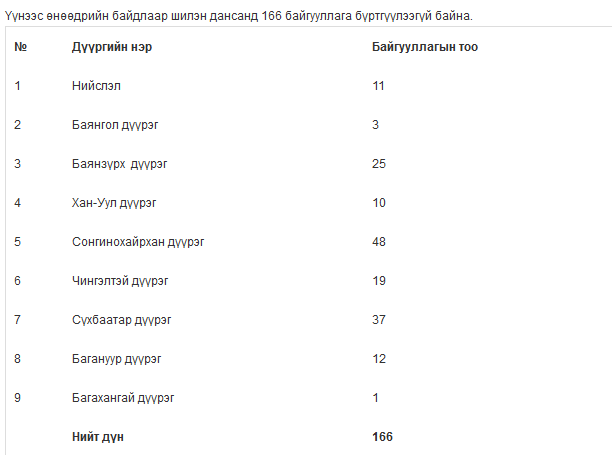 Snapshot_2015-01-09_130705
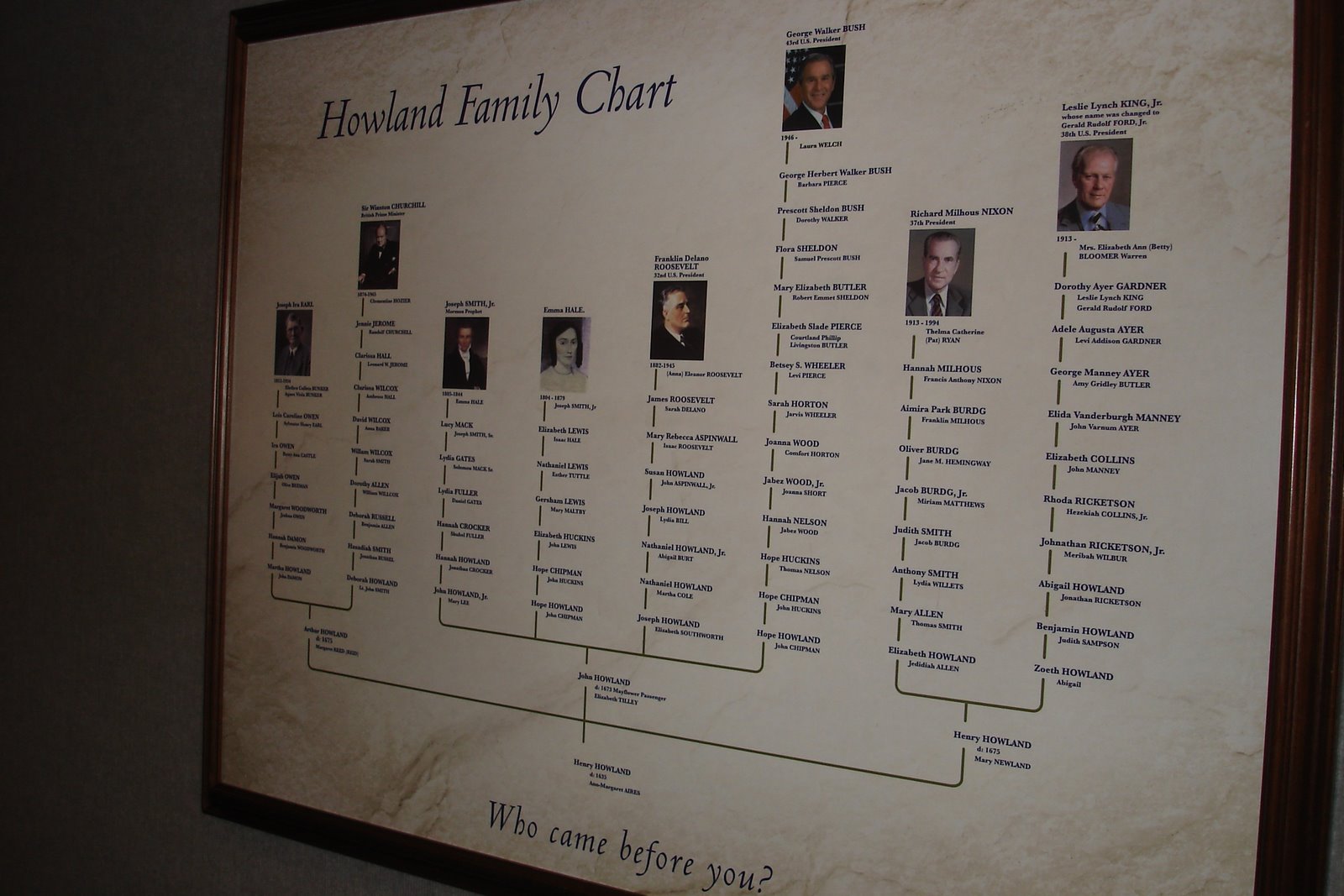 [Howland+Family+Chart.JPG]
==============================
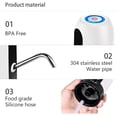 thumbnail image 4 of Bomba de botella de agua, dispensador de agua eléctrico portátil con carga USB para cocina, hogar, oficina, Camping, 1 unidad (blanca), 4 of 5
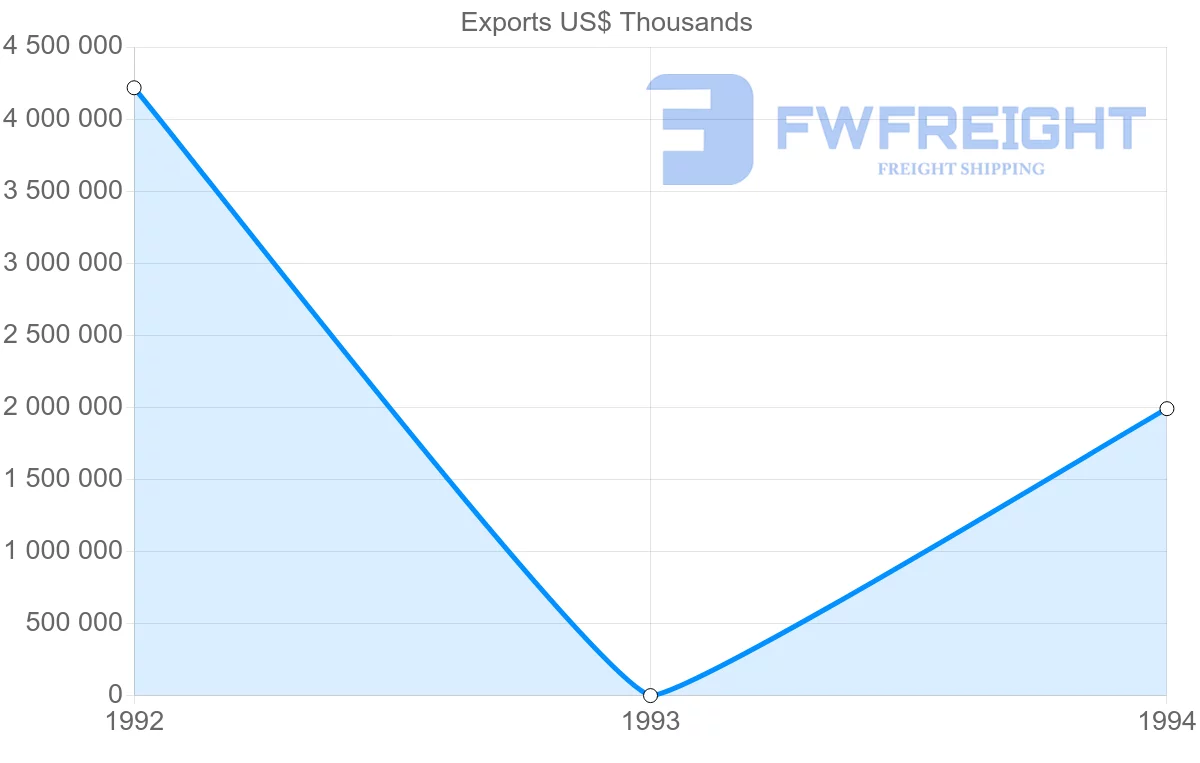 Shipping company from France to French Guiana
==============================
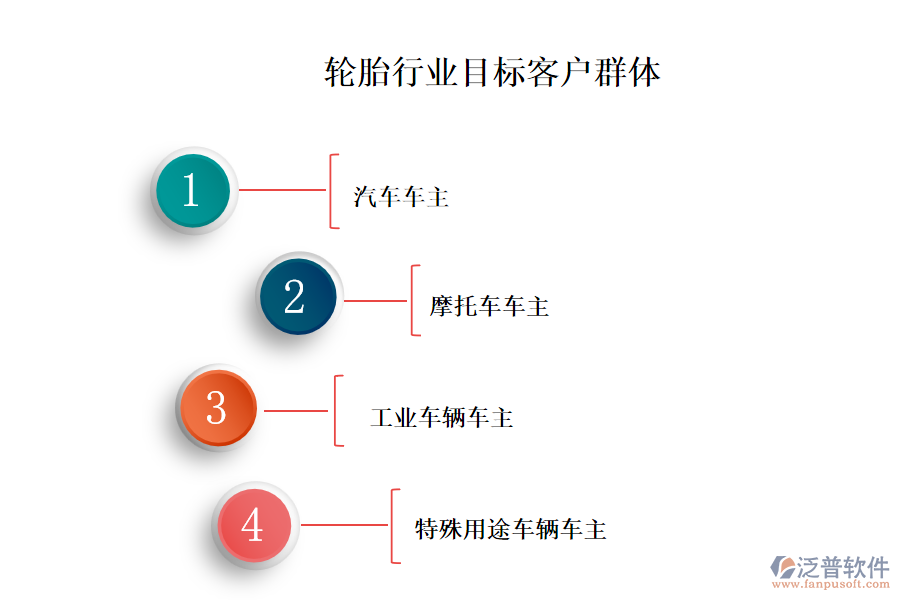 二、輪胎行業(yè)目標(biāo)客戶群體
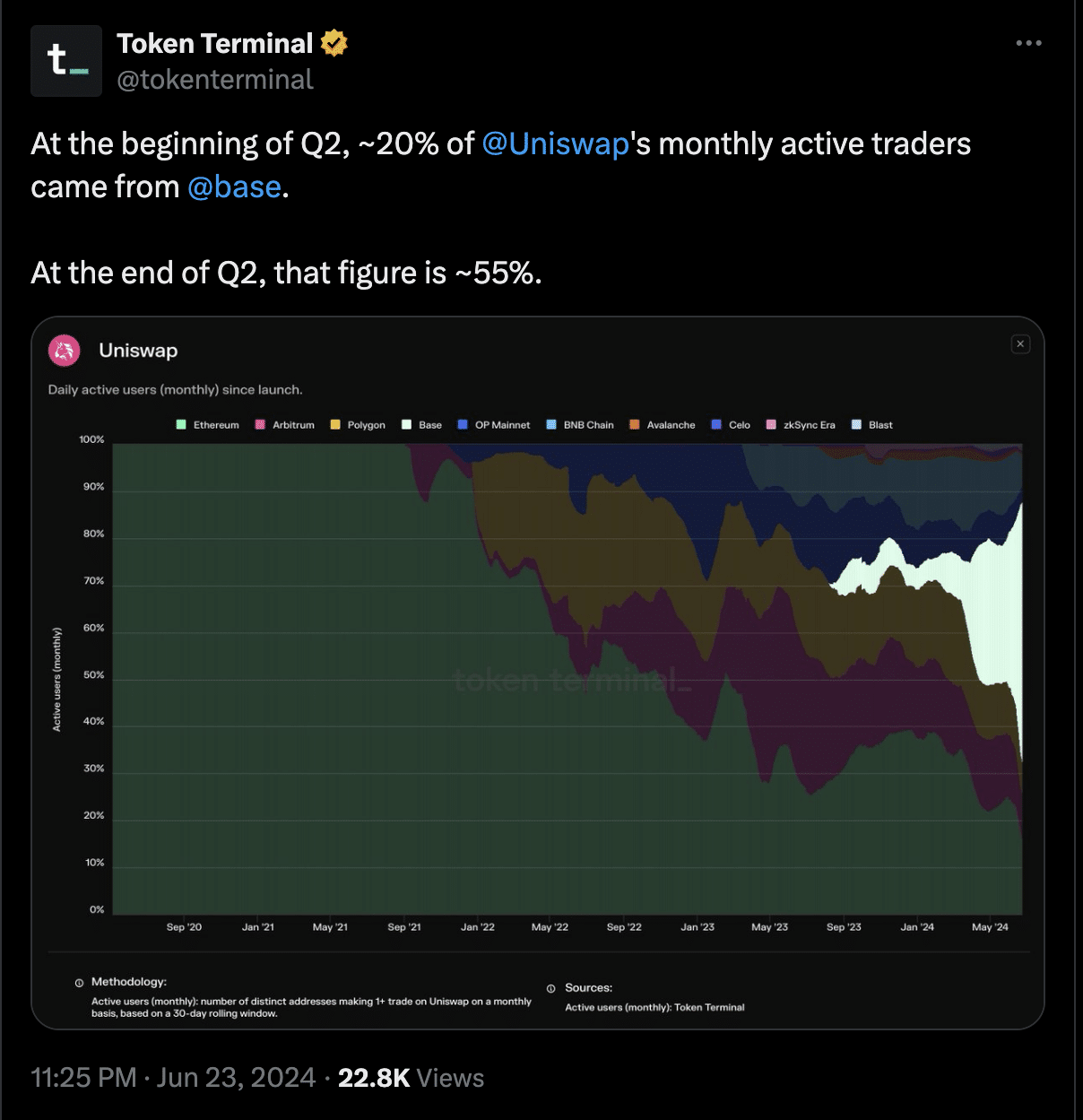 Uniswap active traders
==============================
__Task directions__
Leave the pictures out, and transcribe exactly the lines above starting at the one that contains "Snapshot_2015-01-09_130705" and ending at the one that contains "[Howland+Family+Chart.JPG]".

__Completed task__
 Snapshot_2015-01-09_130705
 [Howland+Family+Chart.JPG]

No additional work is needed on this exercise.